- **Data to process**:
──────────────────────────────

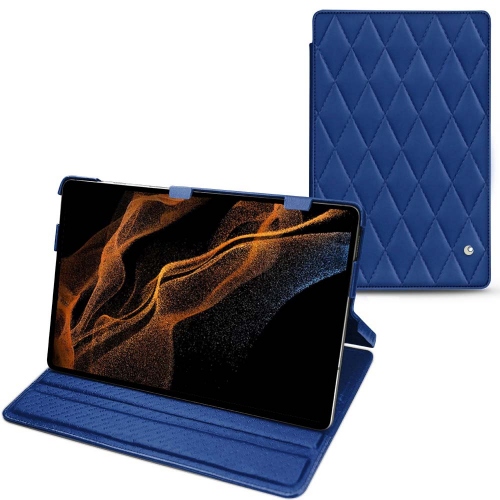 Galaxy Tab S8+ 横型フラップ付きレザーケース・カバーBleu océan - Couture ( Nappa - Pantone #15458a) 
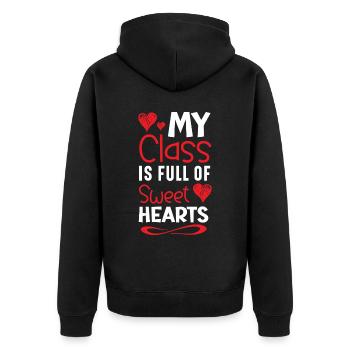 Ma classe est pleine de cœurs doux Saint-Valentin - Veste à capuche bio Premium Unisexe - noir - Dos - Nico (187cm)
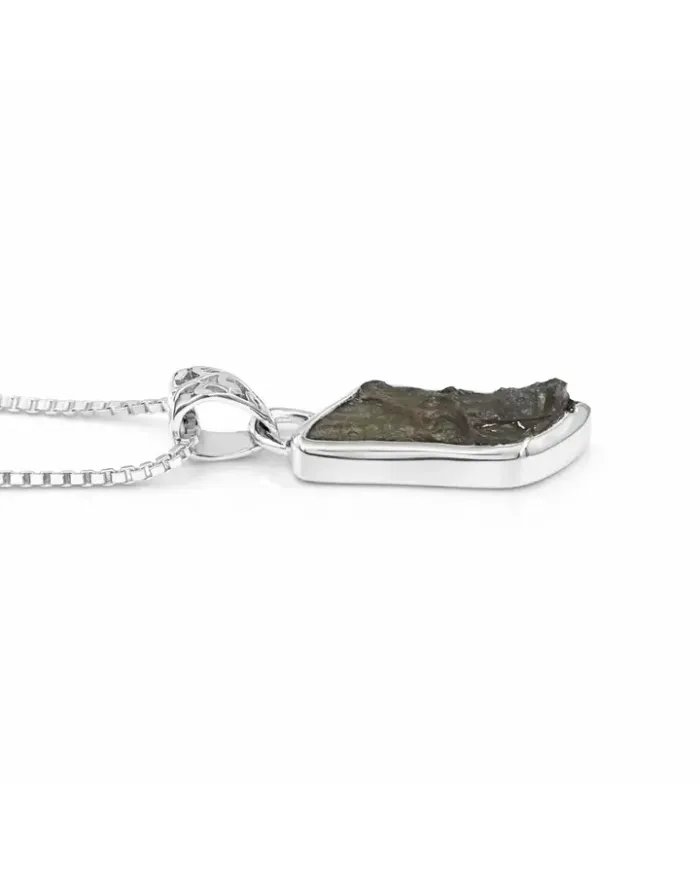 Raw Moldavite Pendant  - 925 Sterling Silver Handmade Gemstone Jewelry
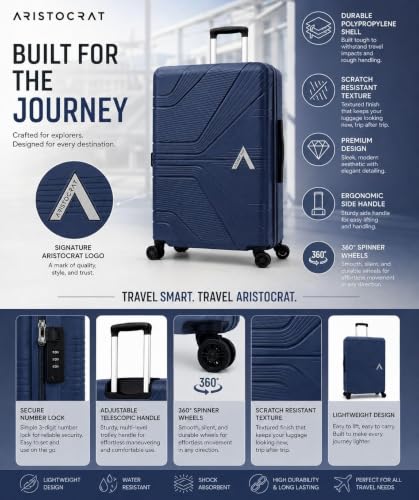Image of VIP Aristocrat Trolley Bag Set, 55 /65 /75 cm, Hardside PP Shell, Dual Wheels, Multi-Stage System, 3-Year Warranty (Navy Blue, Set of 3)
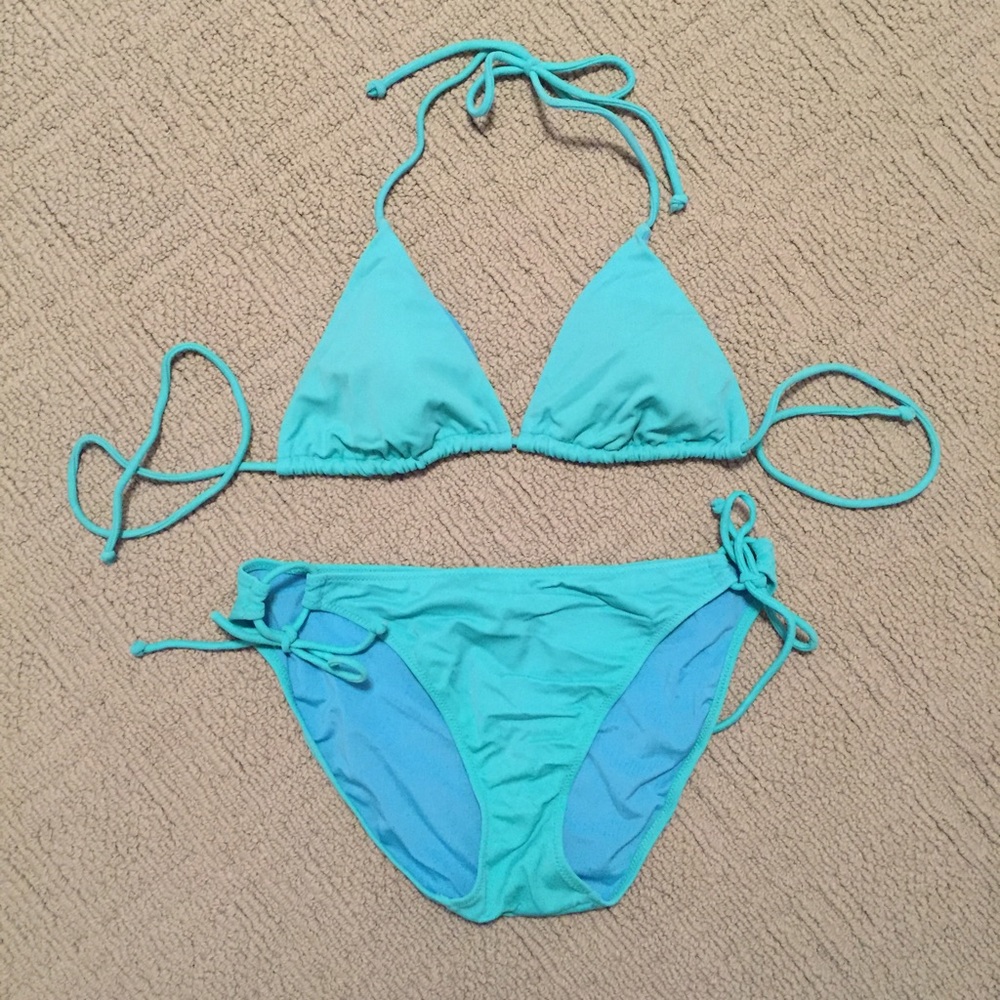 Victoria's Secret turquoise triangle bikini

──────────────────────────────

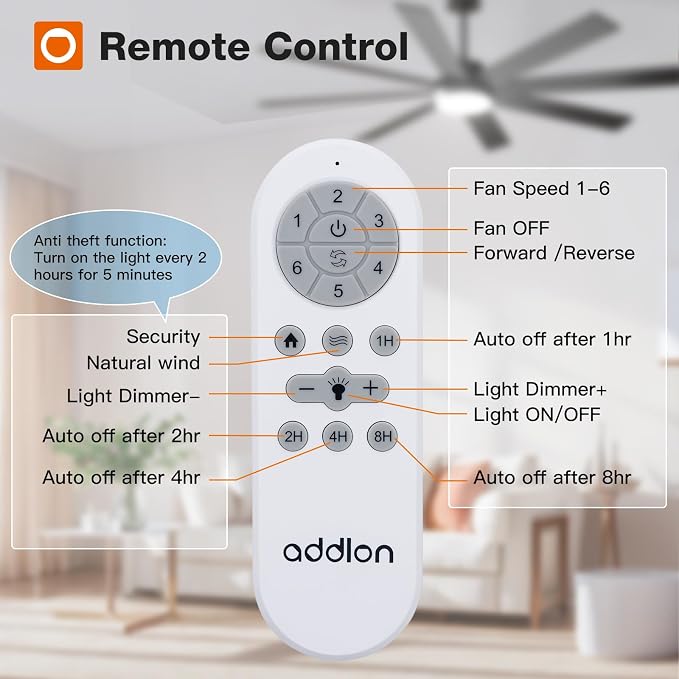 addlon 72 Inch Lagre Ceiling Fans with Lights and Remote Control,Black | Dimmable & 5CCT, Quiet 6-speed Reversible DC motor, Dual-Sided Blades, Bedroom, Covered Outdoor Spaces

──────────────────────────────

- **Work item**: Write out exactly the lines above between the one with "Image of VIP" and the one with "Victoria's Secret turquoise triangle bikini", inclusive, with pictures left out.

- **Exercise response**:
Image of VIP Aristocrat Trolley Bag Set, 55 /65 /75 cm, Hardside PP Shell, Dual Wheels, Multi-Stage System, 3-Year Warranty (Navy Blue, Set of 3)
 Victoria's Secret turquoise triangle bikini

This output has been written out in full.